### WORK INSTRUCTION
The pictures do not belong in the copy. Restate all of the records word for word.

### RECORDS FOR THE TASK
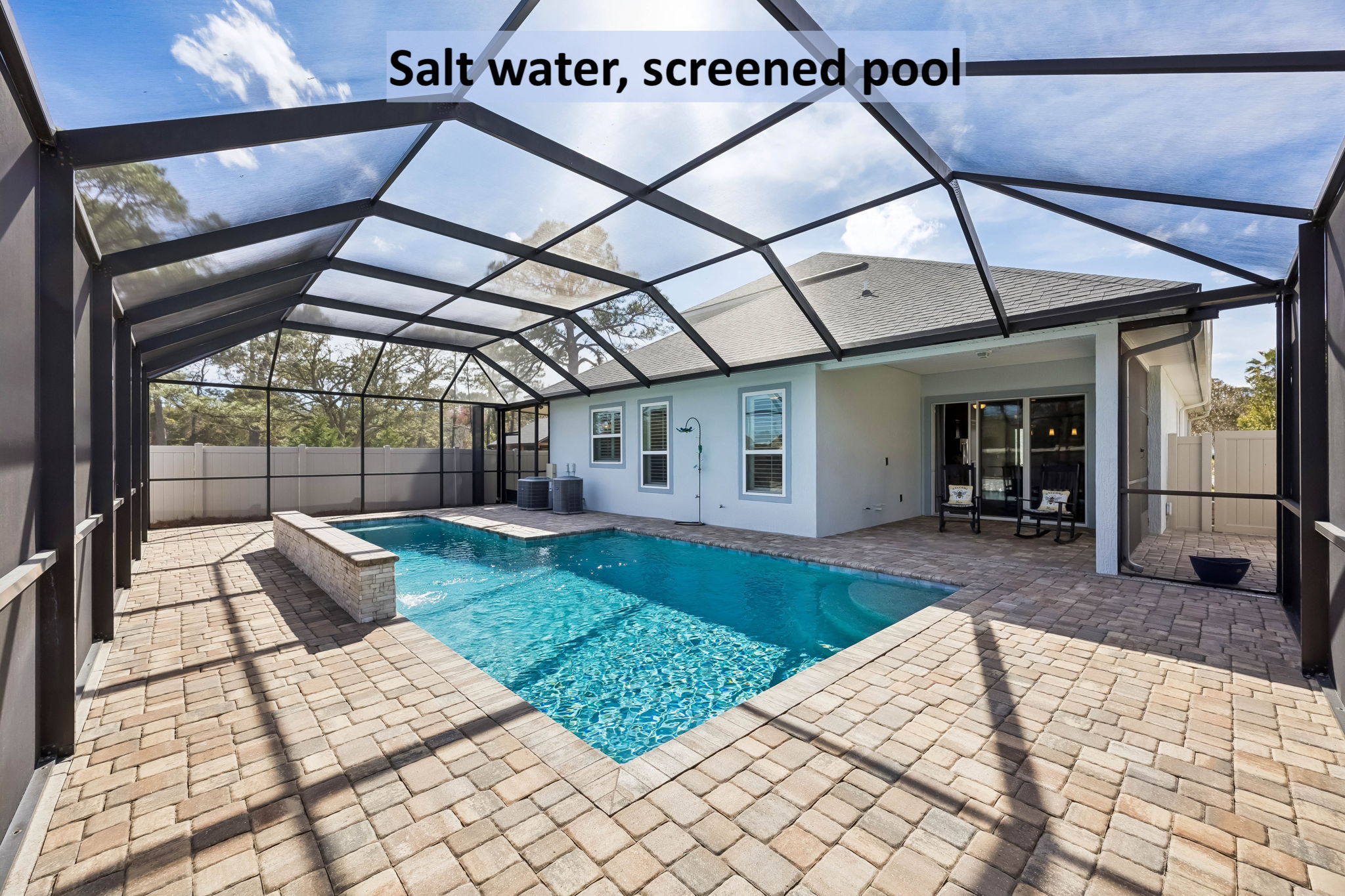 ... beautifully complemented by inviting views of the saltwater pool just beyond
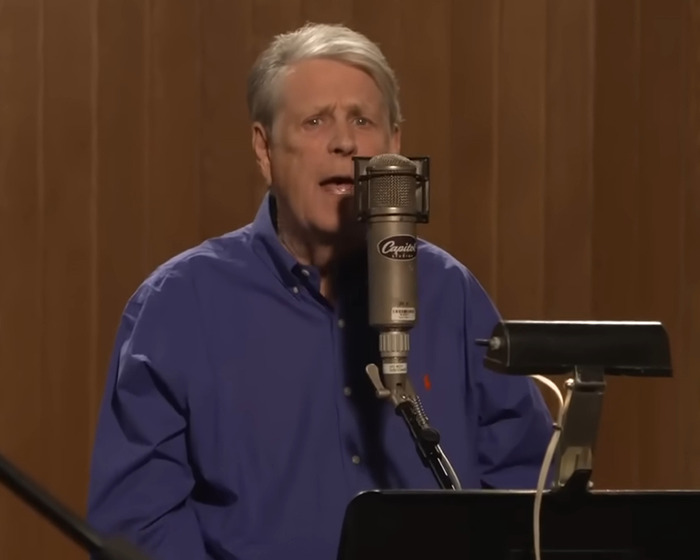 Co-founder of the Beach Boys performing in a studio, wearing a blue shirt and singing into a vintage microphone.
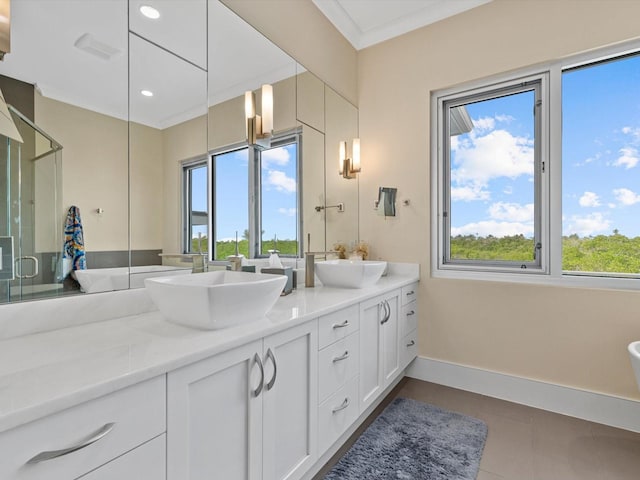 full bath with a stall shower, a sink, and a wealth of natural light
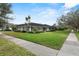 Beautiful single story home features a well-manicured lawn and mature trees at 604 Darcey Dr, Winter Park, FL 32792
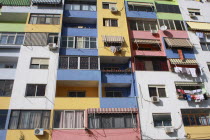 Albania, Tirane, Tirana, Part view of multi coloured apartment block exterior facade.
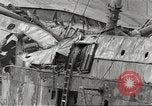 Immagine di Danni da bombardamento giapponese di Harbor olandese Aleutian Islands Alaska USA, 1942, secondo 61 filmato di repertorio 65675058382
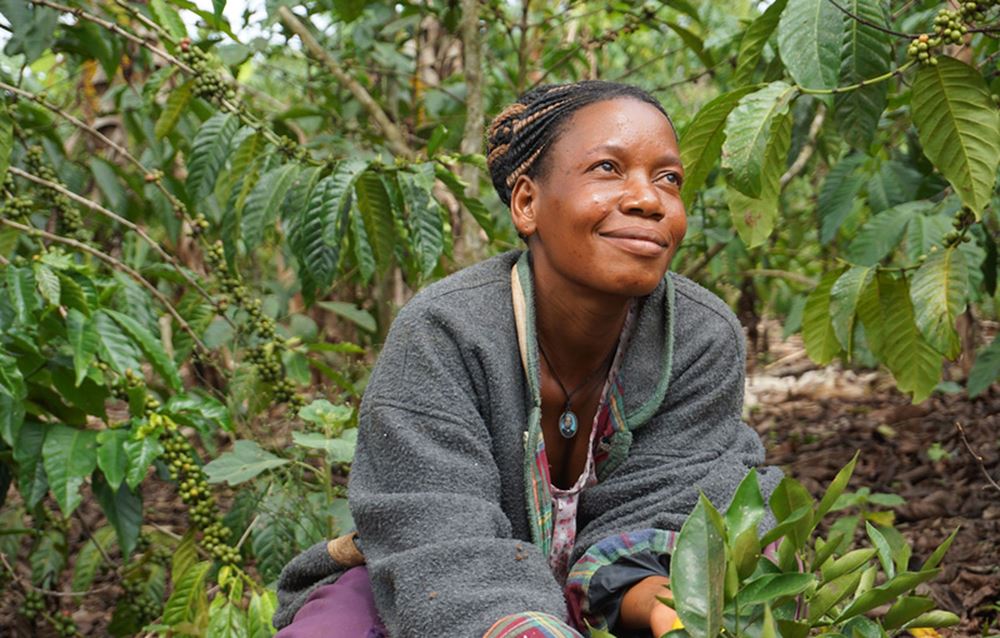 Eine Frau aus Uganda steht auf ihrem Feld und lächelt. (Quelle: Ludwig Grunewald)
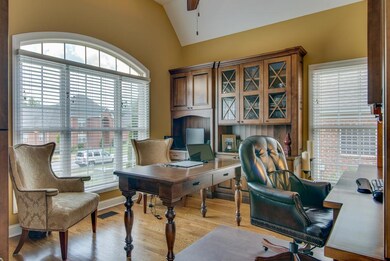 Comfortable, spacious study with walnut cabinetry and shelving that remain with home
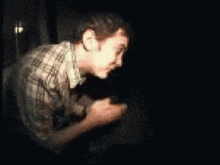 a man in a plaid shirt is standing in the dark looking at something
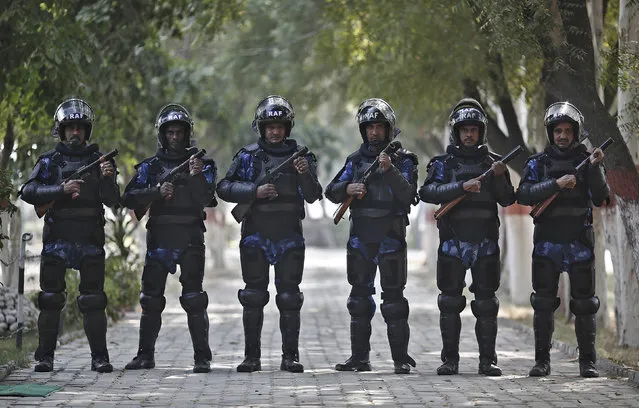 India's Rapid Action Force (RAF) personnel pose for pictures inside their base camp in New Delhi November 6, 2014. In India, the RAF are called on for violent disorder that the police are unable to contain. They require an on-the-spot magistrate's consent and must issue a warning before each escalation of the use of force, from verbal warning to water cannon and tear gas, then to rubber bullets or baton rounds, and then to firearms. (Photo by Adnan Abidi/Reuters)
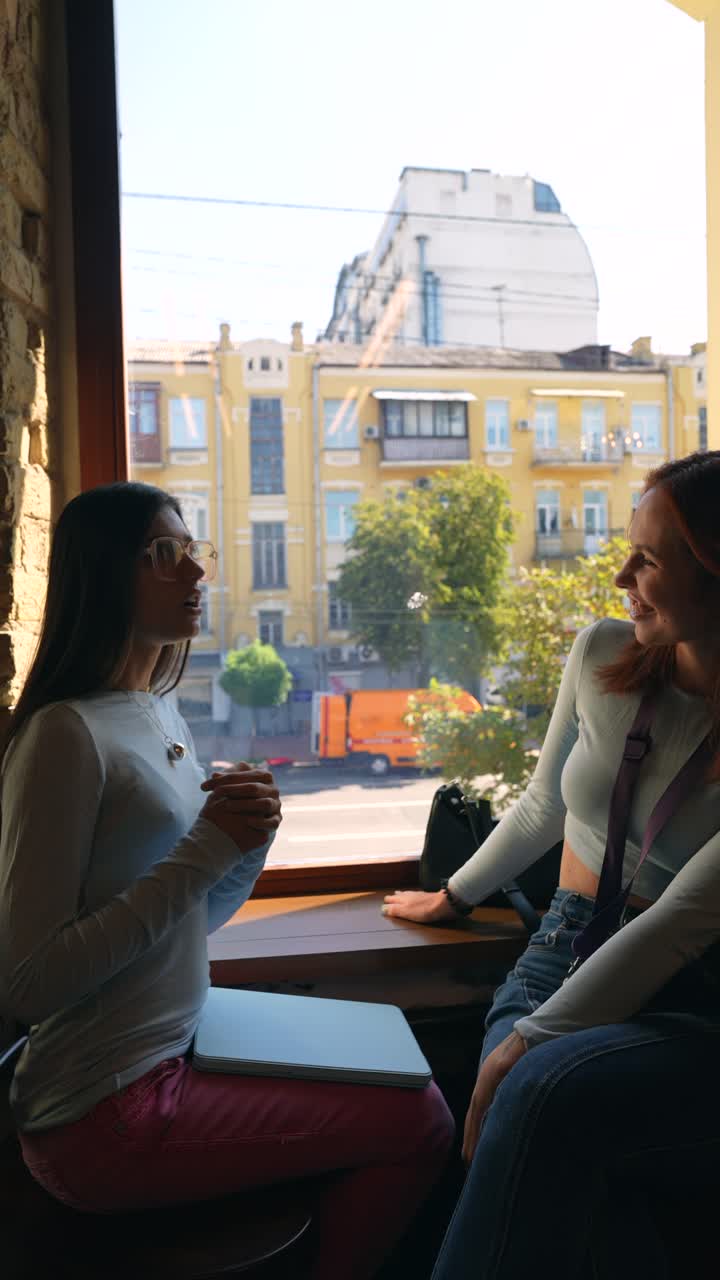 dos mujeres teniendo una conversación en una ventana de un café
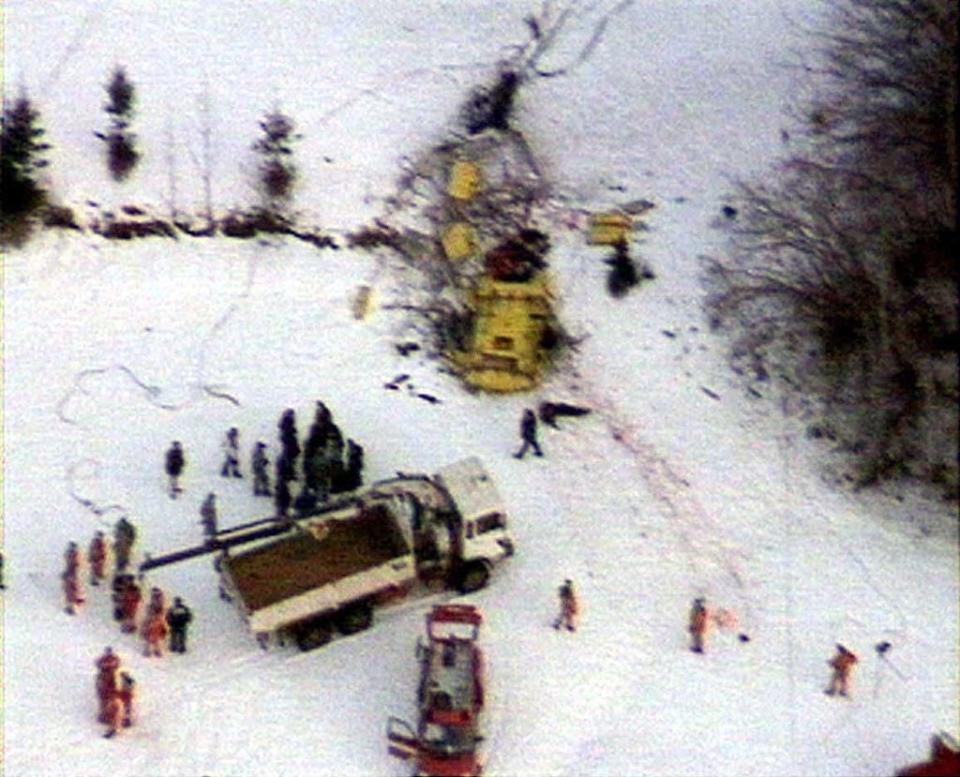 At least 14 people were killed and several injured when a U.S. military plane cut a cable car line over an Italian ski resort, 2/3/98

### TASK RESPONSE
 ... beautifully complemented by inviting views of the saltwater pool just beyond
 Co-founder of the Beach Boys performing in a studio, wearing a blue shirt and singing into a vintage microphone.
 full bath with a stall shower, a sink, and a wealth of natural light
 Beautiful single story home features a well-manicured lawn and mature trees at 604 Darcey Dr, Winter Park, FL 32792
 Albania, Tirane, Tirana, Part view of multi coloured apartment block exterior facade.
 Immagine di Danni da bombardamento giapponese di Harbor olandese Aleutian Islands Alaska USA, 1942, secondo 61 filmato di repertorio 65675058382
 Eine Frau aus Uganda steht auf ihrem Feld und lächelt. (Quelle: Ludwig Grunewald)
 Comfortable, spacious study with walnut cabinetry and shelving that remain with home
 a man in a plaid shirt is standing in the dark looking at something
 India's Rapid Action Force (RAF) personnel pose for pictures inside their base camp in New Delhi November 6, 2014. In India, the RAF are called on for violent disorder that the police are unable to contain. They require an on-the-spot magistrate's consent and must issue a warning before each escalation of the use of force, from verbal warning to water cannon and tear gas, then to rubber bullets or baton rounds, and then to firearms. (Photo by Adnan Abidi/Reuters)
 dos mujeres teniendo una conversación en una ventana de un café
 At least 14 people were killed and several injured when a U.S. military plane cut a cable car line over an Italian ski resort, 2/3/98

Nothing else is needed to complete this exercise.